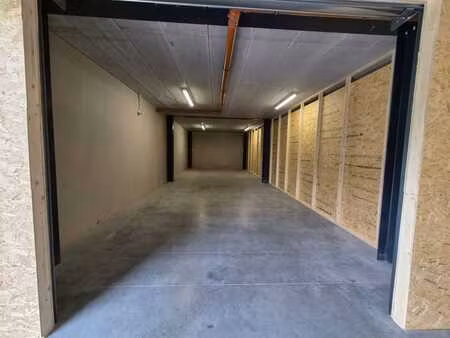 entrepôt - hall de stockage - garage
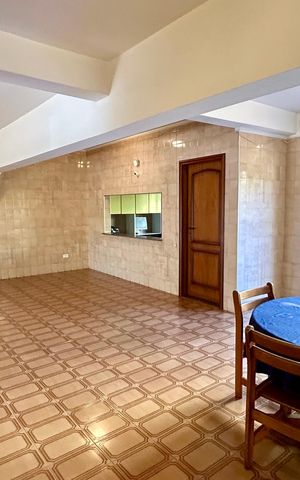 Casa à venda com 354m², 4 quartos e 5 vagas Casa à venda com 354m², 4 quartos e 5 vagasGaragem
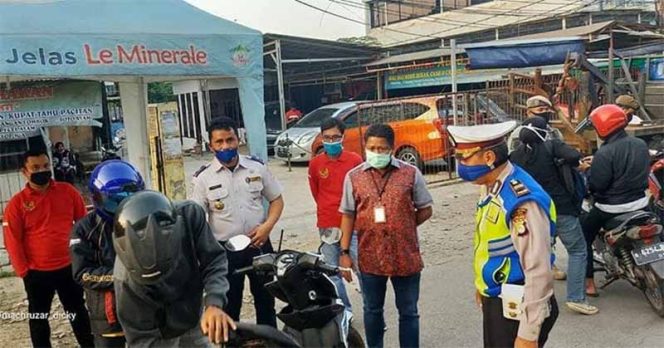 
					Anggota DPRD Provinsi Jawa Barat, Waras Wasisto mengapresiasi kinerja Pemerintah Kota Bekasi dan stakeholder terkait dalam pengawasan pembatasan sosial berskala besar (PSBB) di titik-titik perbatasan Kota Bekasi dengan Jakarta. 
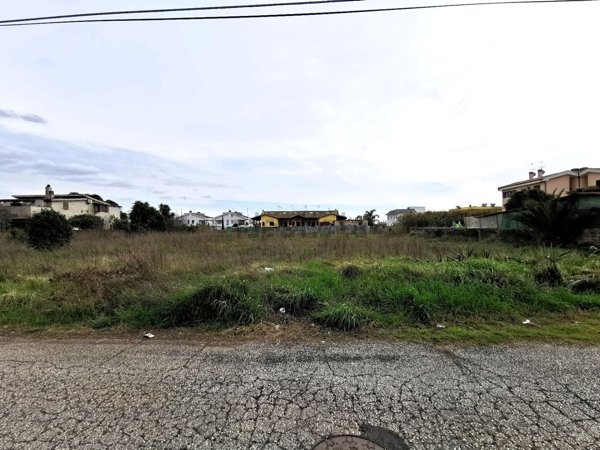 terreno edificabile in vendita a Roma in zona Piana del Sole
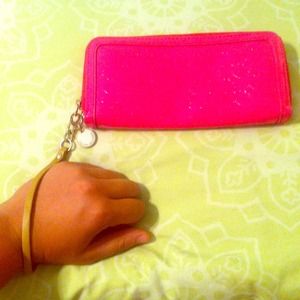 🎀Tommy Hilfiger Wristlet🎀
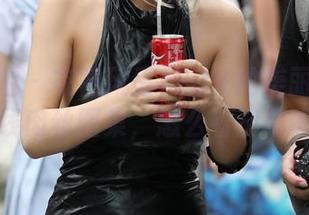 魔镜街拍 – 在寒风里130%的美丽：婷婷在线肉丝图集，怎么看都是赞！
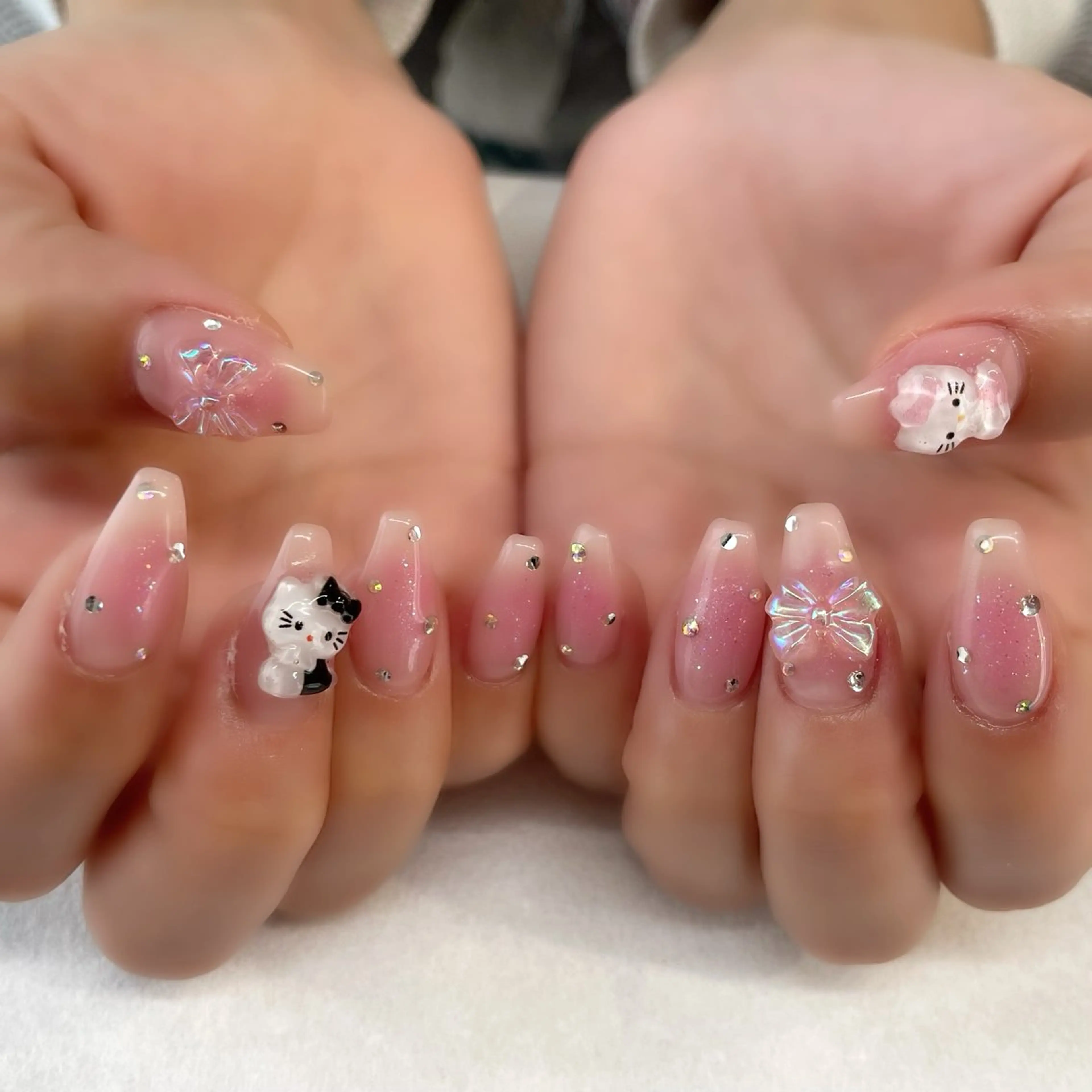 ネイル ハンドネイル 💎🐰 saki. m 🐰💎のネイルデザイン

=-=-=-=-=

Return every line of the records exactly as given, pictures excluded.

REPLY TO THE EXERCISE:
 entrepôt - hall de stockage - garage
 Casa à venda com 354m², 4 quartos e 5 vagas Casa à venda com 354m², 4 quartos e 5 vagasGaragem
					Anggota DPRD Provinsi Jawa Barat, Waras Wasisto mengapresiasi kinerja Pemerintah Kota Bekasi dan stakeholder terkait dalam pengawasan pembatasan sosial berskala besar (PSBB) di titik-titik perbatasan Kota Bekasi dengan Jakarta. 
 terreno edificabile in vendita a Roma in zona Piana del Sole
 🎀Tommy Hilfiger Wristlet🎀
 魔镜街拍 – 在寒风里130%的美丽：婷婷在线肉丝图集，怎么看都是赞！
 ネイル ハンドネイル 💎🐰 saki. m 🐰💎のネイルデザイン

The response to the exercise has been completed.